A new approach to the pseudo-orthogonal properties of eigenfunction expansion form of the crack-tip complex potential function in anisotropic and piezoelectric fracture mechanics

Over the past twenty years, the well-known weight function theory based on the Bueckner work conjugate integral has been widely used to calculate crack tip fracture dominant parameter such as the stress intensity factor, the energy release rate (or the J-integral) and the T-stress in various kinds of cracked materials (e.g. isotropic materials, anisotropic materials and piezoelectric materials).

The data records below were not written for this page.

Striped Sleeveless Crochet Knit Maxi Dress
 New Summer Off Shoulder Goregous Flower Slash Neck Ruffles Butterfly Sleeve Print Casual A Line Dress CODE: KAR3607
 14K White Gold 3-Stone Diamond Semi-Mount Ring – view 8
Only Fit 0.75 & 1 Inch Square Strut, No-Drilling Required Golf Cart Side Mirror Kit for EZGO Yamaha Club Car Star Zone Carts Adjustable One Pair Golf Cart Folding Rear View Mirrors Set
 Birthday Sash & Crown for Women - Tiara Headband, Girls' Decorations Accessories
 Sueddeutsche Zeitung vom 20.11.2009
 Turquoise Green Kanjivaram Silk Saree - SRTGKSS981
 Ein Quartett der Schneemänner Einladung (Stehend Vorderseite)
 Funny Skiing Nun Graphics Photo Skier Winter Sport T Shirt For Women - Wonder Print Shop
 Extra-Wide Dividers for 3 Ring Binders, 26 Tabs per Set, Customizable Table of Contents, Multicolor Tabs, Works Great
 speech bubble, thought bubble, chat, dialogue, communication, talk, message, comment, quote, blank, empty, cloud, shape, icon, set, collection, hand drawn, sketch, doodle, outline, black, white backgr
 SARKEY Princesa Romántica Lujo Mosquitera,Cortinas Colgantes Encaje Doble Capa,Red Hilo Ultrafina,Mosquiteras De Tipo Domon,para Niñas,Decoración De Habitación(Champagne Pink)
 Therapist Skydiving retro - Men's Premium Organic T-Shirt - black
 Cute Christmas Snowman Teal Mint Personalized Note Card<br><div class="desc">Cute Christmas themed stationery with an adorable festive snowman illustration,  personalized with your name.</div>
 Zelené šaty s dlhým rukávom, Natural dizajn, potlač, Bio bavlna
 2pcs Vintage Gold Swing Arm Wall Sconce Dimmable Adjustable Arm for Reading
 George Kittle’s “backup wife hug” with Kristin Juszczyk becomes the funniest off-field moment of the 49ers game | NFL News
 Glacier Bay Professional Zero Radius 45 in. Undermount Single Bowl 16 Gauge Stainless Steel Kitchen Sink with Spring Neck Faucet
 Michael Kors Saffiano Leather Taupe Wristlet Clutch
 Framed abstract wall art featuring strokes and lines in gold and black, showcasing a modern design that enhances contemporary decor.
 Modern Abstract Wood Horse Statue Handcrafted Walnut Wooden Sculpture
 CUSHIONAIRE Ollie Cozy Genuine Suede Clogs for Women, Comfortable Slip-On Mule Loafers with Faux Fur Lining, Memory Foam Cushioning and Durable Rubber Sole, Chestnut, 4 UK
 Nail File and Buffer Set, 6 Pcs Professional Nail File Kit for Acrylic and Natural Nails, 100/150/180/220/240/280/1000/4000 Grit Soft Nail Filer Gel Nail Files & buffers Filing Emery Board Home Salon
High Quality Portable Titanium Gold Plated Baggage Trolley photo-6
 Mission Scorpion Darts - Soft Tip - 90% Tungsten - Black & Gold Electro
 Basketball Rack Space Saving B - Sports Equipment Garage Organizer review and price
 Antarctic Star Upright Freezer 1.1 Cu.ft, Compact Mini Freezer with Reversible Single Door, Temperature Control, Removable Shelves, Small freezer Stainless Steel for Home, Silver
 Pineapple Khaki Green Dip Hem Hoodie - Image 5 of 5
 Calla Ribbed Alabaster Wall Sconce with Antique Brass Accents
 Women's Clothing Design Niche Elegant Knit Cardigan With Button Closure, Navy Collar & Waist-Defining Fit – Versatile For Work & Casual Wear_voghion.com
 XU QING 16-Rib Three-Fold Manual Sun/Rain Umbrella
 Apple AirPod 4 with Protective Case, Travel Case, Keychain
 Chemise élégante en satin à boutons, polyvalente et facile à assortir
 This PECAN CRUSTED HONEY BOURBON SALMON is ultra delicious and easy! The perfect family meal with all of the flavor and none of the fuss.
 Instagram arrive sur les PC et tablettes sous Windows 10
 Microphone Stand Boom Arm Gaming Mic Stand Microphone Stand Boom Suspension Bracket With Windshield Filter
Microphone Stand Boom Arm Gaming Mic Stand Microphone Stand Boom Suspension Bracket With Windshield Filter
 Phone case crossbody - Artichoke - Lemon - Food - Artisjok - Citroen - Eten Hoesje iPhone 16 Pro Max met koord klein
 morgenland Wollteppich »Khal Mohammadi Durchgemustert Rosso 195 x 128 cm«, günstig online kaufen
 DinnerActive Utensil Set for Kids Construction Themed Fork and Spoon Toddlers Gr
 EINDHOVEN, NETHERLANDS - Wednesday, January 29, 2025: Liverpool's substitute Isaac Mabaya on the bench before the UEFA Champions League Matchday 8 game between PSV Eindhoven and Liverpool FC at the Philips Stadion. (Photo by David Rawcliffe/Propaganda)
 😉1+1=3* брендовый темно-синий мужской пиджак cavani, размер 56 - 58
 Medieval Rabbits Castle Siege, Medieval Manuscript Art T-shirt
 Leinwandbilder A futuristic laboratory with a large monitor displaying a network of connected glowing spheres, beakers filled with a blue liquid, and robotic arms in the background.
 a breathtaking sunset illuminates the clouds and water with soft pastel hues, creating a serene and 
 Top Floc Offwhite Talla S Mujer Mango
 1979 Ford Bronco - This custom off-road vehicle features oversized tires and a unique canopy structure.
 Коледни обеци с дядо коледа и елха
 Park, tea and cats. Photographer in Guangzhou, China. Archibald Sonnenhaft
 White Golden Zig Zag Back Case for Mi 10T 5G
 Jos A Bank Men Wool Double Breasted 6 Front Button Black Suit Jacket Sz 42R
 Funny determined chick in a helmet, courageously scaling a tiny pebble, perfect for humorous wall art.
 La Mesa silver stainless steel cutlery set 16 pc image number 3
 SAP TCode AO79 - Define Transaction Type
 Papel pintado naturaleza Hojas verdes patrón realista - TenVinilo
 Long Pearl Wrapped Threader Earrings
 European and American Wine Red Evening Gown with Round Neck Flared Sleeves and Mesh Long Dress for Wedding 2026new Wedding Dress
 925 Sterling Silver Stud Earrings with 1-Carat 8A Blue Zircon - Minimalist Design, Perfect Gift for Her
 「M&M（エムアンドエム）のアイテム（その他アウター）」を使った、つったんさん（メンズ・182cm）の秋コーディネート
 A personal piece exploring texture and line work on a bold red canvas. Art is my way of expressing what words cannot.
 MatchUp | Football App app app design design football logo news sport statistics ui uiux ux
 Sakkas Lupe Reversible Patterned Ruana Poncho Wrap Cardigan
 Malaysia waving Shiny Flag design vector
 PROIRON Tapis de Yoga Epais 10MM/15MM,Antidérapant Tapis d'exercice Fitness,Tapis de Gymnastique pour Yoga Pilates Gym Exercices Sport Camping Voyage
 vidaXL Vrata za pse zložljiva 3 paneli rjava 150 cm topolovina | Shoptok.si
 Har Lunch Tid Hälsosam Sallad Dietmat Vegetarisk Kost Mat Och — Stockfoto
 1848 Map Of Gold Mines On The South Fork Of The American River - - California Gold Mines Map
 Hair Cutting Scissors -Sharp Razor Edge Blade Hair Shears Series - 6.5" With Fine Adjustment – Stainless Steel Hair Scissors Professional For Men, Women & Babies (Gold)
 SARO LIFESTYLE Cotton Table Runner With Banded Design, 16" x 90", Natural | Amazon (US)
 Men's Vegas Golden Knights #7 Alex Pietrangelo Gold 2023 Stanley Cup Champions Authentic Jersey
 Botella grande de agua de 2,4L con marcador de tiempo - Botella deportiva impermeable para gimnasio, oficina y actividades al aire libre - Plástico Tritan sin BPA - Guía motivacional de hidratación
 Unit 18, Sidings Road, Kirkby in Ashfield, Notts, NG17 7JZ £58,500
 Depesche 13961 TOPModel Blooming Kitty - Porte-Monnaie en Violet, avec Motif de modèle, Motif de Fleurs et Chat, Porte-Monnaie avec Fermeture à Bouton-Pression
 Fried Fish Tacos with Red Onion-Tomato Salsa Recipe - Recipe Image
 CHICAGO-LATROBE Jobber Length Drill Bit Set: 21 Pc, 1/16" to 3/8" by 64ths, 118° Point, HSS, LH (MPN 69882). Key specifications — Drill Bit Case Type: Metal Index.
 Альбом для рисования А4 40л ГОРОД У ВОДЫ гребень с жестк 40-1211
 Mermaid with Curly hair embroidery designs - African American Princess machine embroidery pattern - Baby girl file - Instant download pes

Meanwhile, the pseudo-orthogonal property of the eigenfunction expansion form of the crack tip stress complex potential function has been proved to play a very important role in the theory. In this paper, we provide a new approach to establish the pseudo-orthogonal properties for crack problems in anisotropic and/or piezoelectric materials. In the latter case associated with mechanical-electric coupling, the electrical boundary conditions under both impermeable and permeable crack models are considered. The approach developed is much simpler than the classical complex variable separation technique proposed by previous researchers and hence the cumbersome and lengthy manipulations are avoided. Moreover, it is shown that, unlike previous works, the orthogonal properties of the material characteristic matrices A and B induced by the Stroh theory are no longer necessary in establishing the pseudo-orthogonal properties of eigenfunction expansion form in cracked piezoelectric materials. The approach can be easily extended to treat many other different crack problems concerning the Bueckner integral involving several complex arguments.